Risponde lo SCARAMUCCIA e dice:

Fammi il dover, cassier, ch'i' ti rammento
Ch'i'n' ho ancor ben delle libre cento.

Dipoi va allo speziale e dice:

Maestro mio, vo' siate il ben trovato ;
I'vengo a voi per aiuto e consiglio.

Risponde lo SPEZIALE:

Ben sia venuto; i' sono apparecchiato
Di far per te come di proprio figlio.

Risponde SCARAMUCCIA :

Da poco in qua e' m' è in casa arrivato
Gran quantità di topi e gniun ne piglio,
Per modo tal che son tanti e si vecchi
Che gli hanno ancora a rodermi gli orecchi.
Di che convien, maestro, che mi diate
Un poco di velen col qual gli spenga;
A vostro modo vò' che vi paghiate;
Pur che sia buon, se viene assai, si venga.

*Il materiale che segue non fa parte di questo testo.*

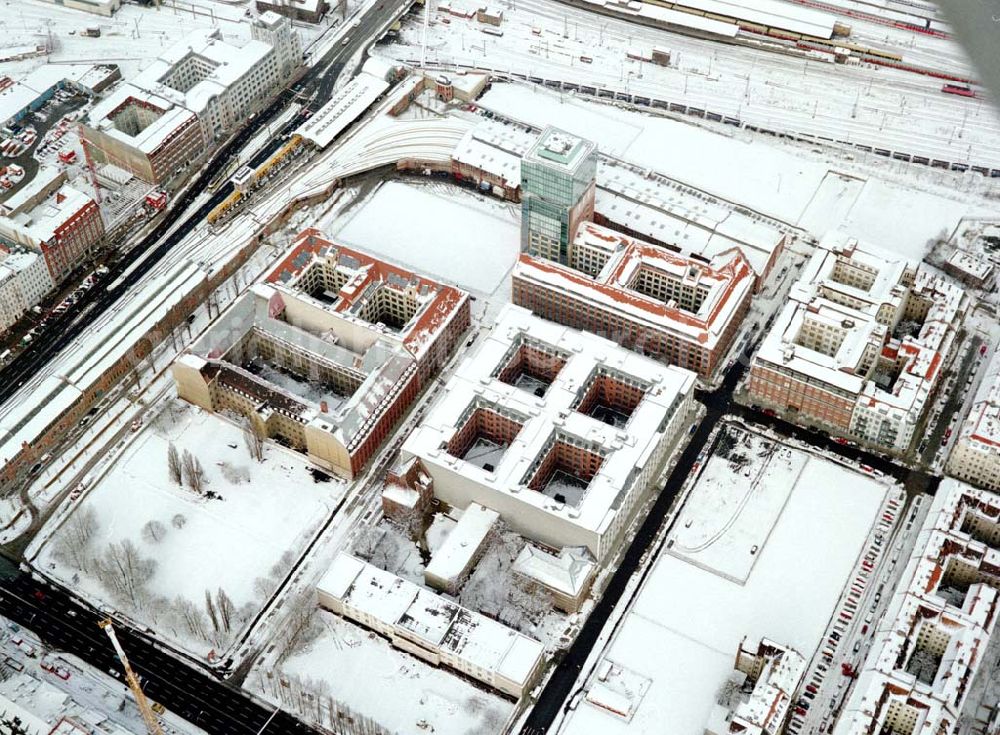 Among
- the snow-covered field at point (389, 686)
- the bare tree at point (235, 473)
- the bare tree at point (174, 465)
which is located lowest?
the snow-covered field at point (389, 686)

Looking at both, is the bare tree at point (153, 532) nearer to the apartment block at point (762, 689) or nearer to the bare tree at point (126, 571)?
the bare tree at point (126, 571)

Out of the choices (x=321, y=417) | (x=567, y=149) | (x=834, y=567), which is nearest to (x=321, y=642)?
(x=321, y=417)

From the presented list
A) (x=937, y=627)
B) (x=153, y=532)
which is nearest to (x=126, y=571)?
(x=153, y=532)

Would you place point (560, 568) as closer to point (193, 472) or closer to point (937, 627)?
point (937, 627)

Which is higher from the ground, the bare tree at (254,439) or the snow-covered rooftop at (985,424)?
the snow-covered rooftop at (985,424)

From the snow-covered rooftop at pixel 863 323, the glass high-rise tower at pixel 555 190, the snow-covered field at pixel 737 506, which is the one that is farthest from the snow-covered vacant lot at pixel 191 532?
the snow-covered rooftop at pixel 863 323
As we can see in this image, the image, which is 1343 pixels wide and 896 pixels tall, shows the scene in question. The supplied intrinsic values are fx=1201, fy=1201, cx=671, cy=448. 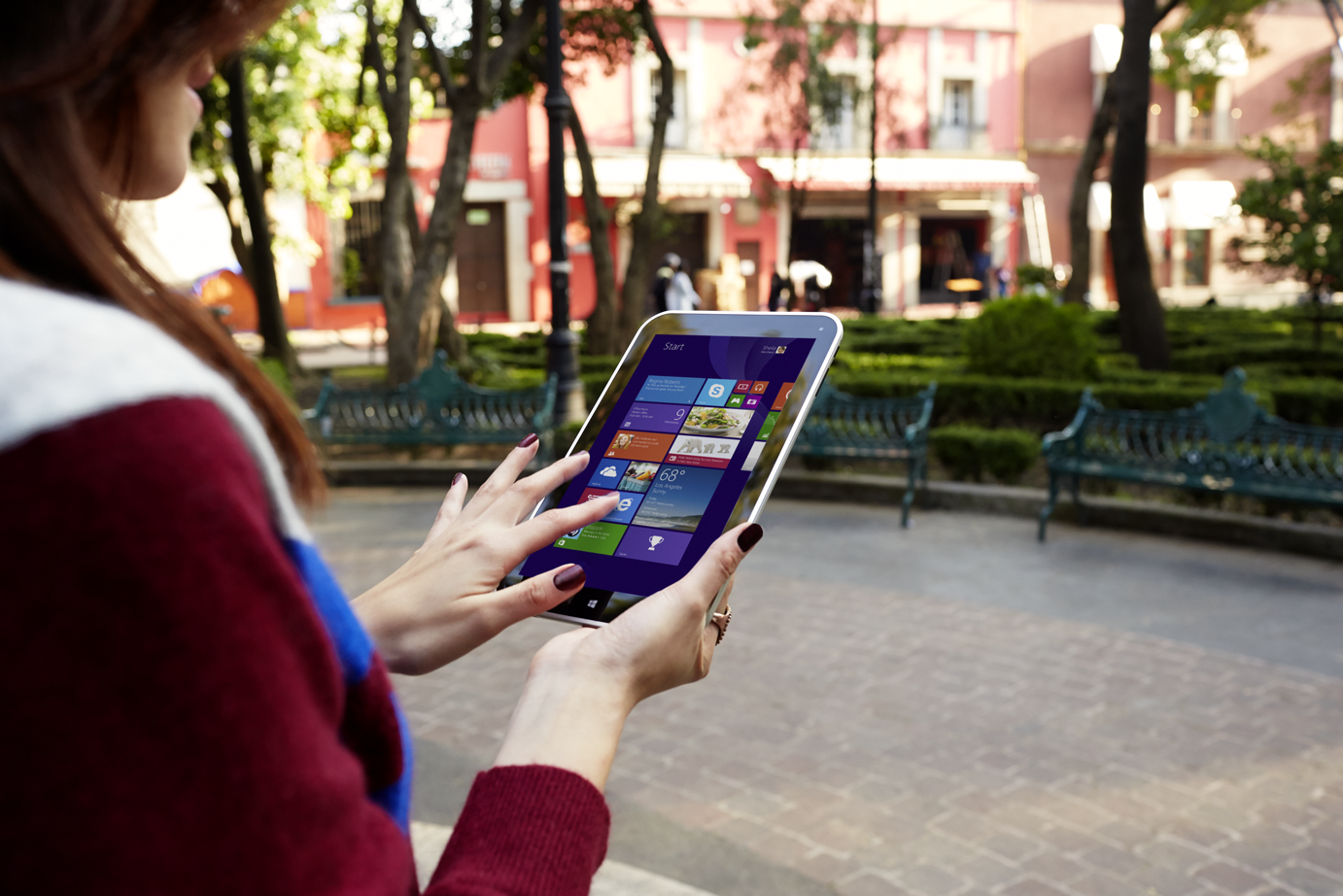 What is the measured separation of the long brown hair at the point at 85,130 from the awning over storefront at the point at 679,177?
30.1m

Risponde lo SPEZIALE e dice:

I' tel darò perfetto in veritate,

Ma guarda poi che scandol non ne venga.

1

1 Venire assai, intendasi del prezzo, ed è come se dicesse: se viene a costare

assai; ed è modo da registrarsi.

Levati su e fa' presto, Domenico,
Recami qua il bossol dell' arsenico.

Tien qui quel ch' io ti do, dammi duo grossi,
E sotti dir ch' i' t'ho servito bene,
E per men pregio dartelo non puossi
Ma di ragion molto più se ne viene:
E, se lo pigliano, e' saran percossi
Di spasimo, e morranno con gran pene.

Risponde SCARAMUCCIA :

Io non ispesi mai, al parer mio,
Me' mie danari, e fatevi con Dio.

Poi va all' oste e dice:

Oste, i' vorrei duo fiaschi d' un buon vino
Bianco e vermiglio che ogniun dolce sia.

Risponde l'OSTE:

I'n' ho di Chianti, e vin da san Lorino,
Trebbian dolci, vernaccia e malvagia.

Risponde lo SCARAMUCCIA :

Tône duo fiaschi e te' questo fiorino,
E serba il resto alla tornata mia;
Intanto infino al cuoco i' voglio andare,
Per veder se gli ha nulla da mangiare.

Poi ne va al cuoco e dice:

Àci tu nulla, o cuoco, da godere?
Io ne vorrei per quattro compagnioni.

Risponde il cuoco:

Ciò ch'io ci ho, compagnion, è al tuo piacere :
Io ci ho capponi, pollastre e pippïoni,
E salsicciuoli che danno buon bere,
E òcci un gran catin di macheroni,
E fegatelli, e òcci de'migliacci;
Or guarda se ci è nulla che ti piacci.

Il TAGLIAGAMBE dice a Carapello :

Fratel, i' ti vò' dire il pensier mio :
Con questo, che mi giuri fedelmente,
Se non ti piace, metterlo in oblio,
E a persona non ne dir nïente.

Risponde CARAPELLO e dice:

Di' prima tu, e poi ti dirò io

Un pensier che m' andava per la mente,
E dimmi arditamente i pensier tuoi,
Chè quel che noi direm sarà tra noi.
Risponde il TAGLIAGAMBE e dice:

I' ho pensato che questo tesoro
Che la ventura ci ha fatto trovare,
Che sol di te e me fusse quest' oro
Per non l'aver con altri a dimezare.
La invidia, a dirti il ver, mi dà martoro;
Però rispondi quel che te ne pare.
Che altri n'abbi aver, non mi par giuoco,
E a farne tre parti, e sare' poco.

Risponde CARAPELLO:

Per certo si, fratel, tu hai ragione.
Non ti tenendo più celato il vero,
Io sentia drento una gran passïone
Ch' era a questo medesimo pensiero;
E sammi mal che quel ghiotto poltrone,
Che non val la sua vita una pane intero,
La ventura abbia avuta per amica,
E che si goda la nostra fatica.

1

A quel che si vuol far, pigliam partito
Che, quando e' torna e postosi a sedere,
Che in un baleno e' sia da noi assalito.
El pensier nostro lui non può sapere ;
In pochi colpi noi l' arem finito;
Ma non si vuol dir nulla al suo venire:
La vita a cento noi abbiam già tolta:
Un più, un men, che monta questa volta?
Scaramuccia torna, e il TAGLIAGAMBE dice:

Che ha' tu venduto quel pezo dell' oro?
E in queste cose poi quanto spendesti?

Risponde SCARAMUCCIA :

Che ne vuo' tu saper, pezo di toro?
A punto a punto testè lo sapesti.

Risponde il TAGLIAGAMBE :

Dò, ladroncel, tu non arai il tesoro
Che con noi insieme divider credesti.
Poltron gaglioffo, grida se tu sai,

1 Modo proverbiale non registrato, per indicar minimo valore di una cosa o persona.